Primark to post strong increase in half year sales
Primark owner Associated British Foods has said that half year sales at the fashion retailer are expected to be 11% ahead of last year at constant currency, driven by increased retail selling space, and 21% ahead at actual exchange rates.
In a pre-close trading statement for the half year to 4 March, the company said Primark performed well in the UK with like-for-like sales expected to be 2% ahead of last year. Like-for-like sales for the group will be level but when a decline in the Netherlands due to a rapid increase in selling space is excluded, like-for-like sales will rise by 1%.
Markdowns were in line with the first half last year. As previously forecast, Associated British Foods expects Primark’s operating profit margin in the first half to decline, mainly as a result of the strength of the US dollar on input costs.
During the period, retail selling space increased by 0.8 million square feet. At 4 March 2017, 329 stores will be trading from 13.1 million square feet.
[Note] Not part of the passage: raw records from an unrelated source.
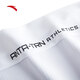 ANTA (ANTA) quick-drying T-shirt for men running autumn long-sleeved quick-drying clothing for men 3A antibacterial moisture wicking fitness sports tops for men solid color quick-drying technology-arm printing pure white M (170) recommended 120-130Jin Jin equals 0.5 kg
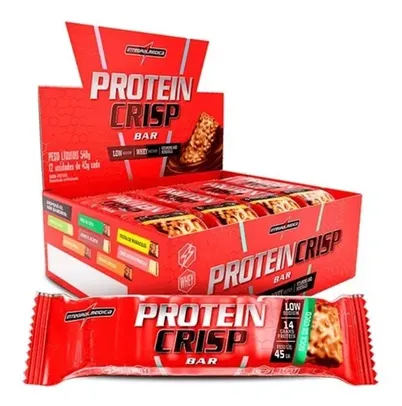 Protein Crisp Bar Integralmedica Cx 12 Unidades 45g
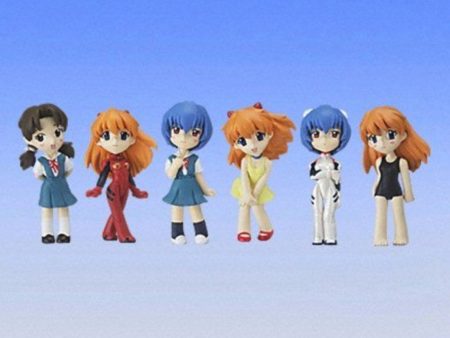 Bandai 2006 Neon Genesis Evangelion EVA Gashapon Torikore 6 Figure Set Online Hot Sale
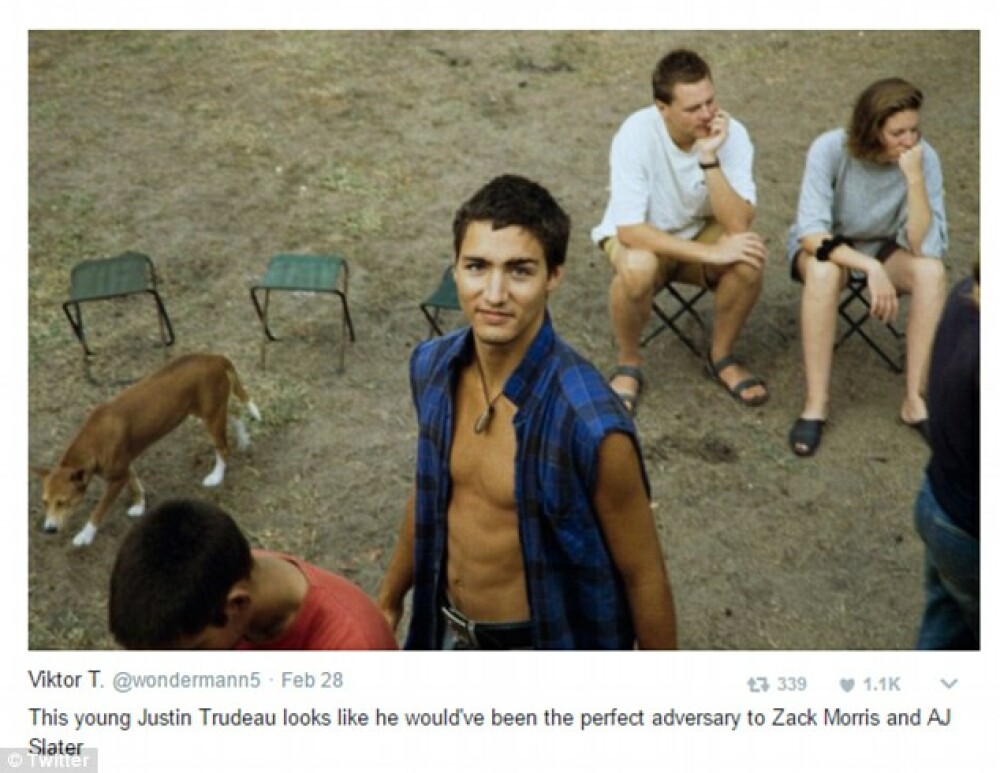 Pozele cu tanarul Justin Trudeau au provocat frenezie pe internet. Cum a devenit premierul Canadei sursa de virale online - Imaginea 1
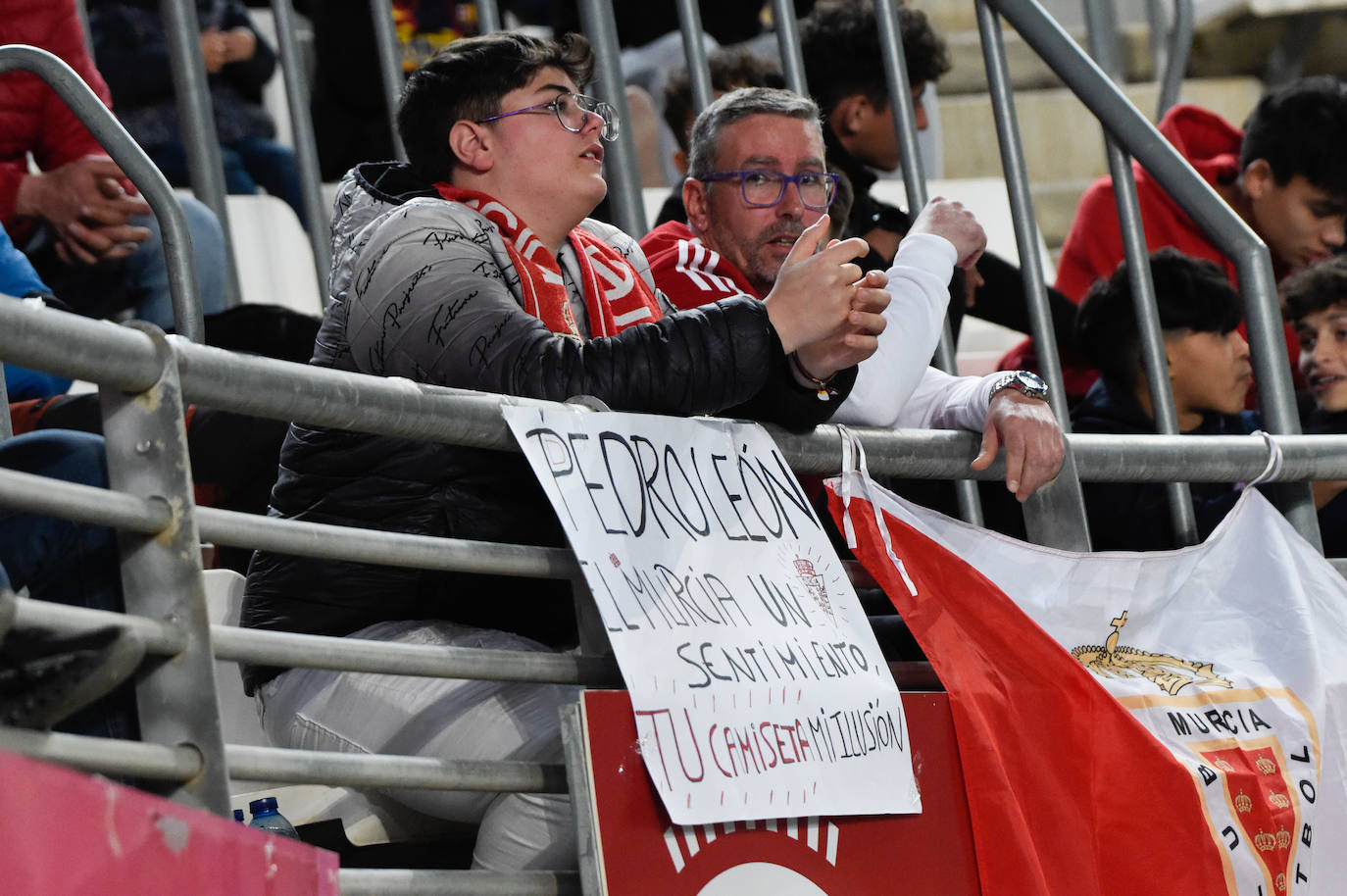 Las imágenes del Real Murcia-Barça B (1-1)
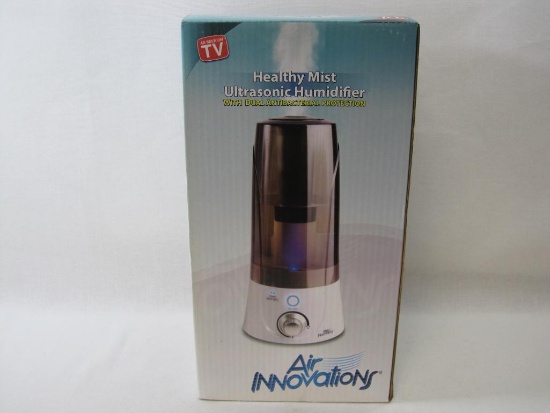 Air Innovations Healthy Mist Ultrasonic Humidifier with Dual Antibacterial Protection, As Seen on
Some 16 new stores were opened including relocations in Reading and Sheffield and new UK stores in Carlisle, Stafford, Truro, York and Colchester. New shops were also launched in Ireland, Mallorca, Germany, France, Italy and The Netherlands. The company also opened its sixth store in the US in Burlington, Massachusetts.
In addition, Primark’s store at the Tottenham Court Road end of Oxford Street in London was extended by almost 40%, increasing square footage to 114,000 square feet.